Prompting from the bench: Large-scale pretraining is not sufficient to prepare LLMs for ordinary meaning analysis

Abhishek Purushothama; Brandon Waldon; Junghyun Min; Nathan Schneider

arxiv: 2510.25356 · v3 · submitted 2025-10-29 · 💻 cs.CL

Prompting from the bench: Large-scale pretraining is not sufficient to prepare LLMs for ordinary meaning analysis

Abhishek Purushothama , Junghyun Min , Brandon Waldon , Nathan Schneider This is my paper

Pith reviewed 2026-05-18 03:04 UTC · model grok-4.3

classification 💻 cs.CL

keywords LLMsordinary meaninglegal interpretationprompt sensitivityrobustnesshuman correlation

0 comments

The pith

Large language models produce inconsistent ordinary meaning interpretations when prompt formats change slightly.

A machine-rendered reading of the paper's core claim, the machinery that carries it, and where it could break.

The paper examines whether LLMs can reliably identify the ordinary meaning of legal texts, an approach some legal scholars and judges have proposed using models for. Experiments reveal that minor rephrasings of the same question often produce contradictory outputs from the models. The authors also compare model answers against a dataset of human responses to similar legal questions and find only moderate agreement. These results question the assumption that pretraining data alone equips LLMs to handle ordinary meaning analysis in practice.

Core claim

For the models evaluated, slight changes to the format of a question can lead to wildly different conclusions about a text's ordinary meaning, creating a vulnerability that parties with an interest in the outcome could exploit. When compared to human responses on similar legal interpretation questions, the models show at best moderate correlation with human judgments, which falls short for applications with significant stakes.

What carries the argument

Controlled experiments that vary the format of legal interpretation prompts while holding the underlying question fixed, paired with correlation measurements against a human ordinary-meaning dataset.

If this is right

Legal practitioners cannot treat current LLMs as authoritative sources for ordinary meaning without additional safeguards.
Interested parties could influence outcomes by choosing particular prompt wordings.
Pretraining scale by itself does not produce the consistency required for legal interpretation tasks.
Any LLM use in this domain needs explicit robustness checks before deployment.
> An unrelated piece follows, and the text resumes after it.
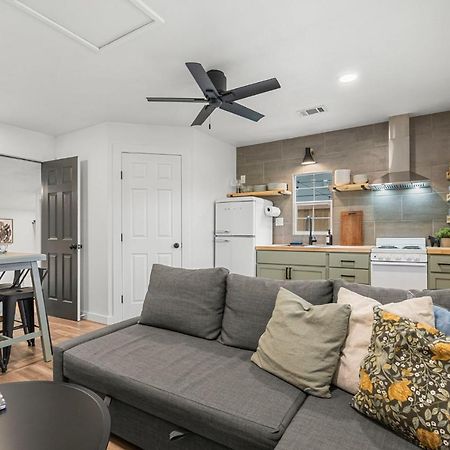 New! The Yellow Door- Downtown Wimberley W/ River Access Εξωτερικό φωτογραφία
Where Pith is reading between the lines

These are editorial extensions of the paper, not claims the author makes directly.

The same prompt-sensitivity pattern may affect other interpretive tasks such as contract or regulatory analysis.
Standardized prompt templates or verification steps could reduce some of the observed inconsistency.
Hybrid human-plus-model workflows might be needed until models demonstrate greater stability.

Load-bearing premise

The specific prompt variations and legal questions tested here reflect the robustness challenges that would appear when LLMs are actually used by judges or scholars for ordinary meaning analysis.

What would settle it

A test in which legal experts apply LLMs to real cases using multiple equivalent prompt formats and consistently obtain the same ordinary-meaning conclusion across formats would challenge the central robustness claim.
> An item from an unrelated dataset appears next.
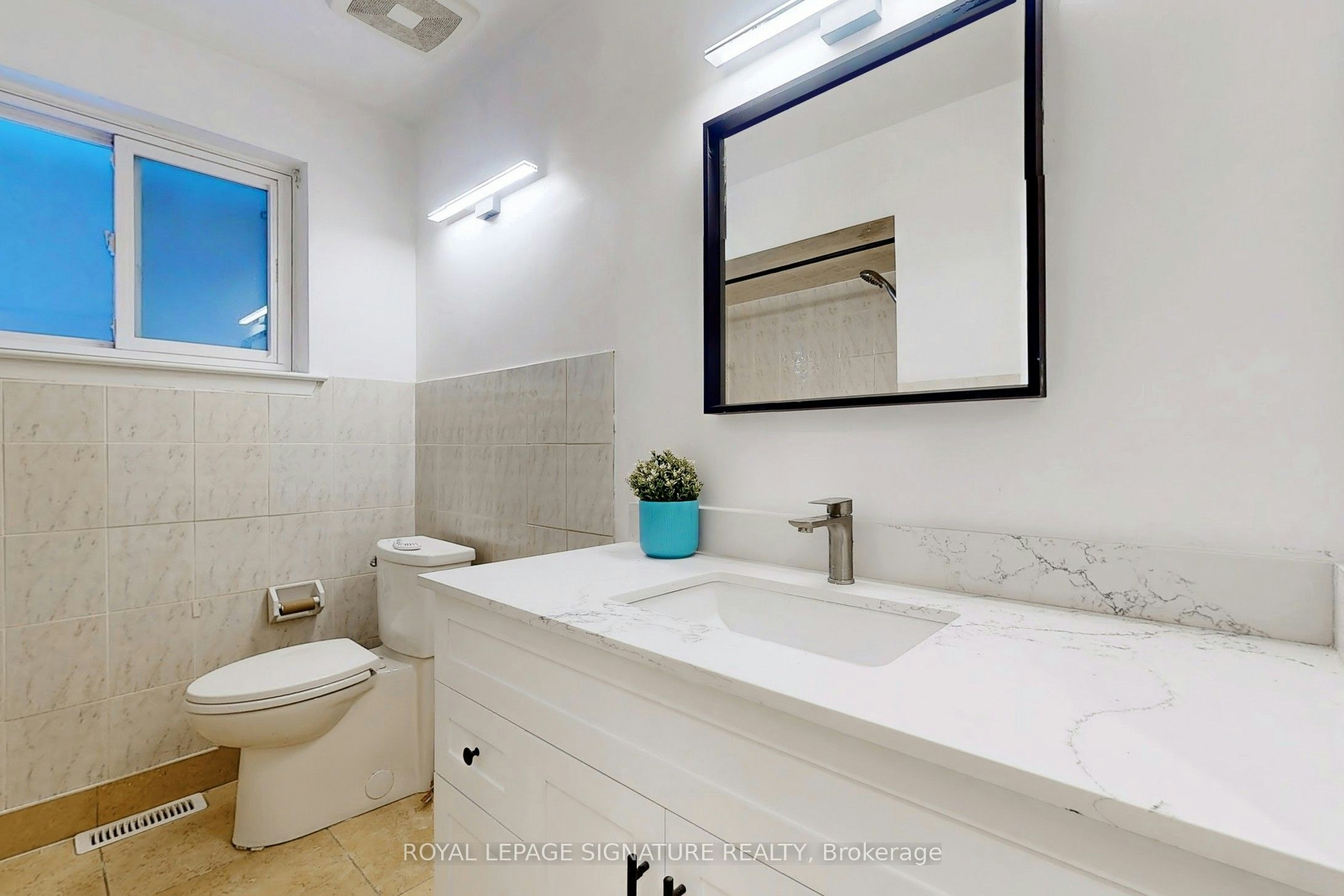 Upper-17 Baroness Crescent, Toronto, ON, M2J 3K4 - 21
read the original abstract

In the U.S. judicial system, a widespread approach to legal interpretation entails assessing how a legal text would be understood by an `ordinary' speaker of the language. Recent scholarship has proposed that legal practitioners leverage large language models (LLMs) to ascertain a text's ordinary meaning. But are LLMs up to the task? As textual interpretation questions arise in spheres ranging from criminal law to civil rights, we argue it is crucial that models not be taken as authoritative without rigorous evaluation. This work offers an empirical argument against LLM-assisted interpretation as recently practiced by legal scholars and federal judges, who reasoned the large amount of data that models see in training would enable models to illuminate how people ordinarily use certain words or phrases. In controlled experiments, we find failures in robustness which cast doubt on this assumption and raise serious questions about the utility of these models in practice. For the models in our evaluation, slight changes to the format of a question can lead to wildly different conclusions -- a vulnerability that parties with an interest in the outcome could exploit. Comparing with a dataset where people were asked similar legal interpretation questions, we see that these models are at best moderately correlated to human judgments -- not strong enough given the stakes in this domain.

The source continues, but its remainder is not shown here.